Obviously the final game winning pass to Donnie Avery as time expired was the more exciting play, but this isn’t the five most exciting throws, it’s the five “best.”  This pass to Brazill showcased many of the things that made Luck so spectacular in his rookie season: poise under pressure, athleticism to escape pursuit, clutch throws in crucial game situations, unconventional release points, and of course perfect ball placement.

This throw was basically all arm, anybody who speculated that Luck lacked arm strength simply need watch this throw to realize their stupendous error in judgment.  A little deeper and it’s over his head, a little shorter and it’s broken up by the trailing defender.  Down double digits with mere minutes left on the clock, Luck showed once again that he has ice in his veins.

The 3rd and 23 Conversion

This particular throw has a lot of elements to consider.  Week 17 against division rival Houston Texans (in Chuck Pagano’s return game no less), a 3rd and 23 conversion (which itself is ridiculous), travels 40 yards in the air, threaded between three defenders, perfect ball placement hitting TY in stride for the 70 yard TD.

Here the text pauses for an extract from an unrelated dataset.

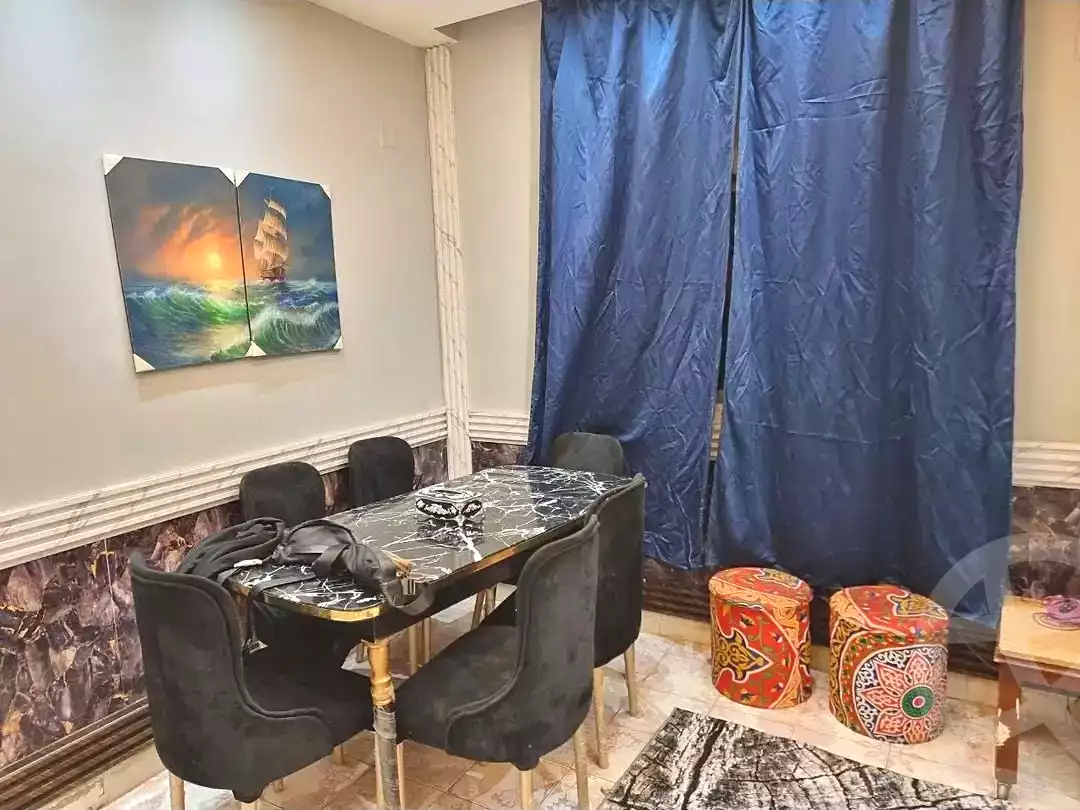 https://aqarmap.com.eg/ar/listing/7064375-for-sale-cairo-ljyz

Under any circumstances this throw is spectacular, but on 3rd and 23 in the fourth quarter of a one score game they desperately wanted to win?  Transcendent.  From snap to throw is roughly 3 seconds, just enough time to pump right, freeze the safety, open up the tiniest of windows, and thread the ball in perfectly to a streaking Hilton for the dramatic TD.  This throw has it all.  Perfect read, great misdirection, pin-point accuracy, beautiful spiral, degree of difficulty, and even a little emotional impact on the Chuck Pagano reaction shot (not included for file size considerations). 

The #Chuckstrong Throw

This throw is Andrew Luck quintessence (yeah, I said it).  Is there really any other throw to choose as number 1?  The best throw in the best game of a great 2012 Colts’ season, arguably the best game of the entire 2012 season period.  Down 21-3 at halftime in the first game of the #Chuckstrong movement, the Colts are trying to finish off a story for the ages as they fight back in a game that nobody gave them a chance to win.  This game will certainly be most remembered for Chuck Pagano’s battle with leukemia and Reggie Wayne’s heroics, but this throw by Luck perhaps best exemplifies the resilience that defined this team last year.

With less than 2 minutes, trailing by a TD, and facing yet another 3rd and long (notice a pattern with these throws?).  Faced with an all-out blitz, Luck sees an opening but is forced to pull the ball in when Clay Matthews breaks free and latches on to his throwing arm.  Somehow (don’t ask me how) Luck manages to reset, reload, and throw a perfect strike to a heavily covered Reggie Wayne 20 yards downfield for the first down.  The rest, as they say, is history.